LISTED RECORDS ▸
──────
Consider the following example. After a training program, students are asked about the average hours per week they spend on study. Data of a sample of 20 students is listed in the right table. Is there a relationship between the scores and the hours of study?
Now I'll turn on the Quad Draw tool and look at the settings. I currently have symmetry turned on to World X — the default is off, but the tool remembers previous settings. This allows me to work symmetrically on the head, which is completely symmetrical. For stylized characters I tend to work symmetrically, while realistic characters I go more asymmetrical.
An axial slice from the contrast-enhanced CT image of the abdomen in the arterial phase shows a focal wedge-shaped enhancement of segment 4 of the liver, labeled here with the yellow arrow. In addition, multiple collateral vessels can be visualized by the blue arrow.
──────
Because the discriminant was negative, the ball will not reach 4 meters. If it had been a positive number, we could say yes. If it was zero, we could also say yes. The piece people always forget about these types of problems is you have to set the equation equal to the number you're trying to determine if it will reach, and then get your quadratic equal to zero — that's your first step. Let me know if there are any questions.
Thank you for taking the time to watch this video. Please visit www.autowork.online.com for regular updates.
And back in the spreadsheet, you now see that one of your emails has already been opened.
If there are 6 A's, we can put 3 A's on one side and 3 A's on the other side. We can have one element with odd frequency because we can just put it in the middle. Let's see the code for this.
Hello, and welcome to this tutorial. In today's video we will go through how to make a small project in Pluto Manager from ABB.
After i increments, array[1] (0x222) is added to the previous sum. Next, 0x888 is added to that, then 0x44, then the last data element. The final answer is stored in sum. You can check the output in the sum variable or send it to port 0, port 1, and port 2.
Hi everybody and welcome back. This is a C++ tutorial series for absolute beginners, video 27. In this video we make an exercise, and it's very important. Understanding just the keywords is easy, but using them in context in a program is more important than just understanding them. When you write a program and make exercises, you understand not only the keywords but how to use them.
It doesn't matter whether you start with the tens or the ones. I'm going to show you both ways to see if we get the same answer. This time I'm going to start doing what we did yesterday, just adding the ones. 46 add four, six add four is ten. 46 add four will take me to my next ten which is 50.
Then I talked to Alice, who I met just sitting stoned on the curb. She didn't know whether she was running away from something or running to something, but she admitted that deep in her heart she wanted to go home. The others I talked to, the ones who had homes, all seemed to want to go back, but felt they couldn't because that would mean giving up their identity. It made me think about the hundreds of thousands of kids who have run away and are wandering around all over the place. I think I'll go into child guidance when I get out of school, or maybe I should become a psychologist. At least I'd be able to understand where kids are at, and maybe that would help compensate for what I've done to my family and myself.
──────
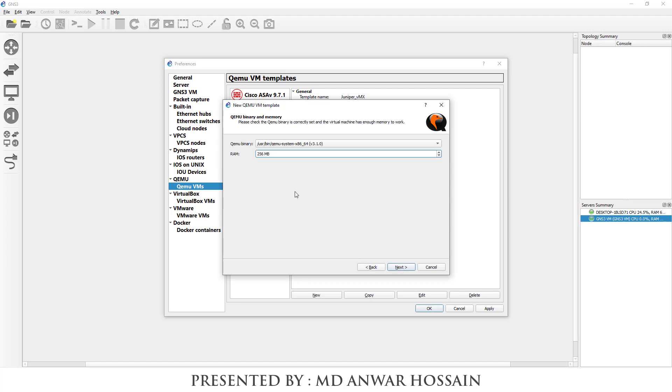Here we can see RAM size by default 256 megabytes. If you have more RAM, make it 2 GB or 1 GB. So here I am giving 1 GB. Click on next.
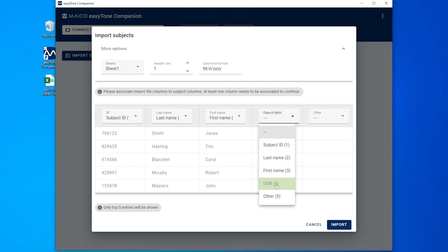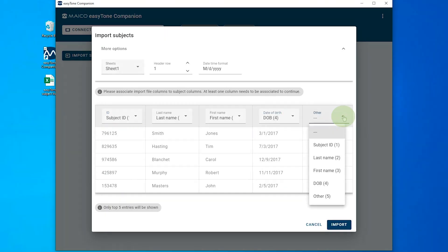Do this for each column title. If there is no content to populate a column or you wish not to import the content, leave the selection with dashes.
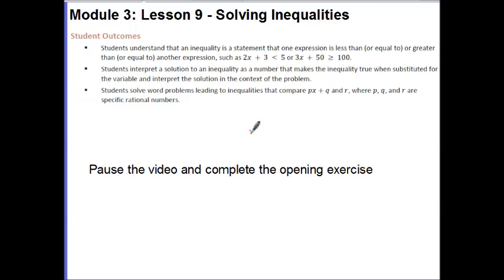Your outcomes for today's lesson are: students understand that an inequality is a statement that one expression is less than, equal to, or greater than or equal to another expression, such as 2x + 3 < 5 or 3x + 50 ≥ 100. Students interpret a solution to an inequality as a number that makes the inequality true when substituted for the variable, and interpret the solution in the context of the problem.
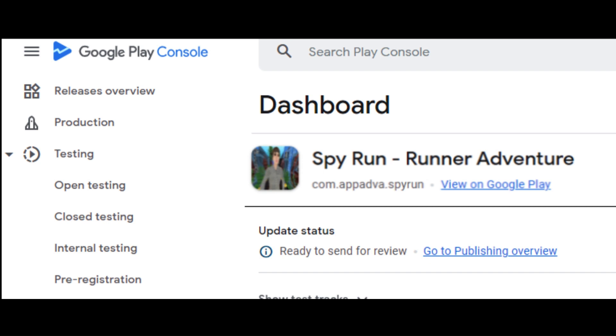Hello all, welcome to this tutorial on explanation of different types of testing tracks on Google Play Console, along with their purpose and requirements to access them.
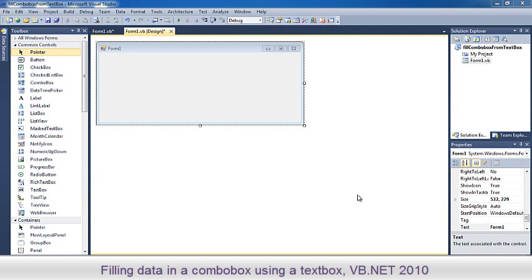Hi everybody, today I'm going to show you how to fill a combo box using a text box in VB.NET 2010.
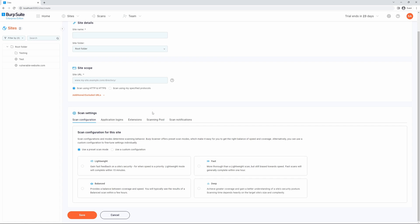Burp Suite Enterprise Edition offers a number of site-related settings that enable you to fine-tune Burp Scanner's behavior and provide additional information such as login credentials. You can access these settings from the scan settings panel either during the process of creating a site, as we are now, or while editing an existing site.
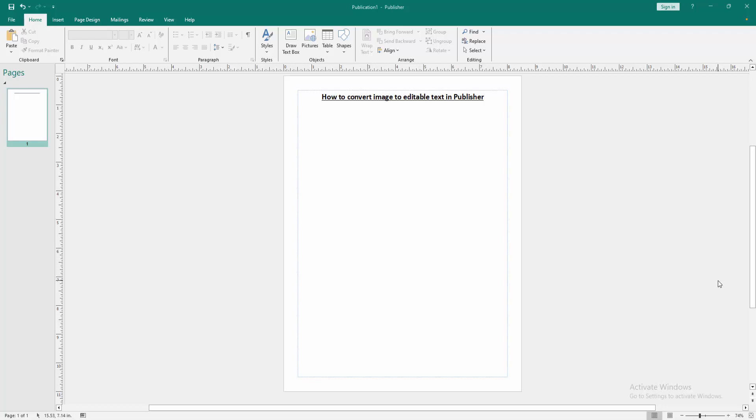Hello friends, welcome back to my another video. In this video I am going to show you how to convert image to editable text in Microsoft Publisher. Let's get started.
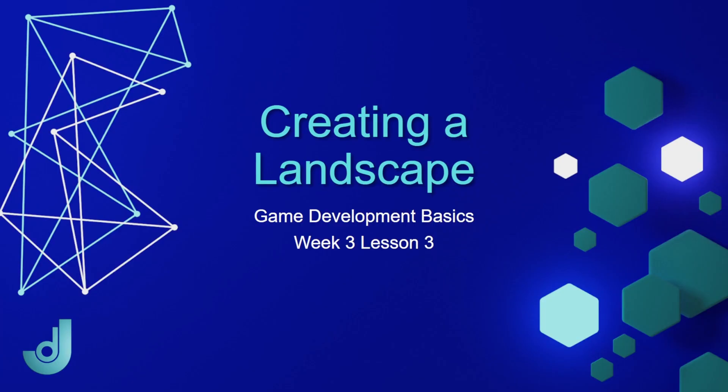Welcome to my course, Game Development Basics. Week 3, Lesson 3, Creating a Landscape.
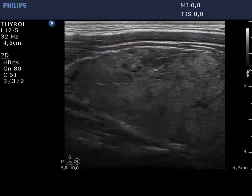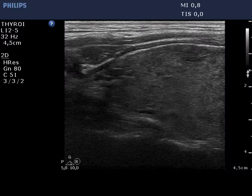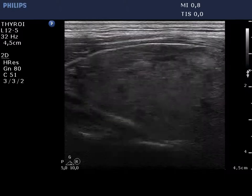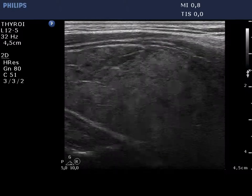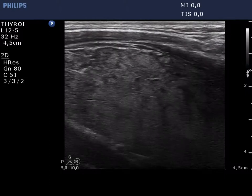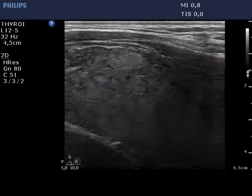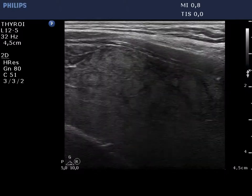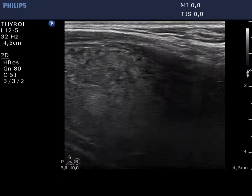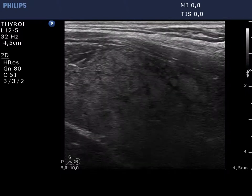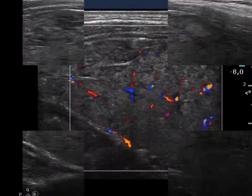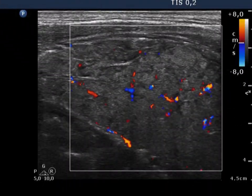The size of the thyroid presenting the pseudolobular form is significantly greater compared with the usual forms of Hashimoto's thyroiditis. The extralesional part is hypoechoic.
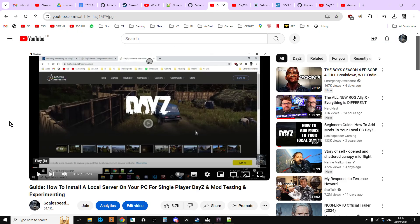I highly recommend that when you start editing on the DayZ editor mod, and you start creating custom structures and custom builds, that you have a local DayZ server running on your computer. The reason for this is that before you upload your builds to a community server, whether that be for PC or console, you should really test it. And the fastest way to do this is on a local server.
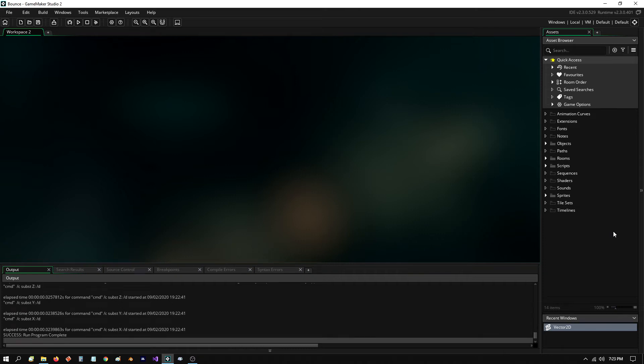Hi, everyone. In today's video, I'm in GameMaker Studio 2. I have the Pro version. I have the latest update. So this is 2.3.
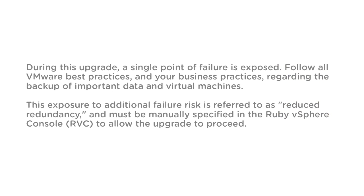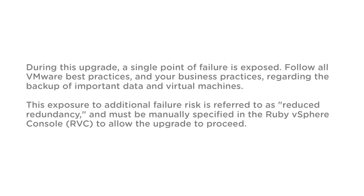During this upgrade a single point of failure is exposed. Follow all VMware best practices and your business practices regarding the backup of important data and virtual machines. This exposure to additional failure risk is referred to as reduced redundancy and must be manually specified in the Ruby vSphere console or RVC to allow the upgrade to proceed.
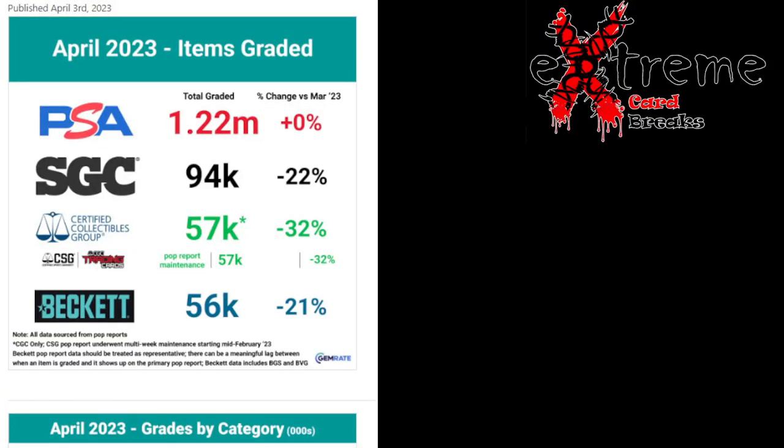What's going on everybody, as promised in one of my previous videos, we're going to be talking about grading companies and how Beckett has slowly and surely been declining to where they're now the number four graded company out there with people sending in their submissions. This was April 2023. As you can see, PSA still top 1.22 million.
──────
DIRECTIONS FOR THIS TASK ▸
Within the listing above, find the line containing "Hello all, welcome" and the line containing "Burp Suite Enterprise". Transcribe them and everything between them exactly, leaving out the pictures.

RESPONSE TO THE TASK ▸
Hello all, welcome to this tutorial on explanation of different types of testing tracks on Google Play Console, along with their purpose and requirements to access them.
Hi everybody, today I'm going to show you how to fill a combo box using a text box in VB.NET 2010.
Burp Suite Enterprise Edition offers a number of site-related settings that enable you to fine-tune Burp Scanner's behavior and provide additional information such as login credentials. You can access these settings from the scan settings panel either during the process of creating a site, as we are now, or while editing an existing site.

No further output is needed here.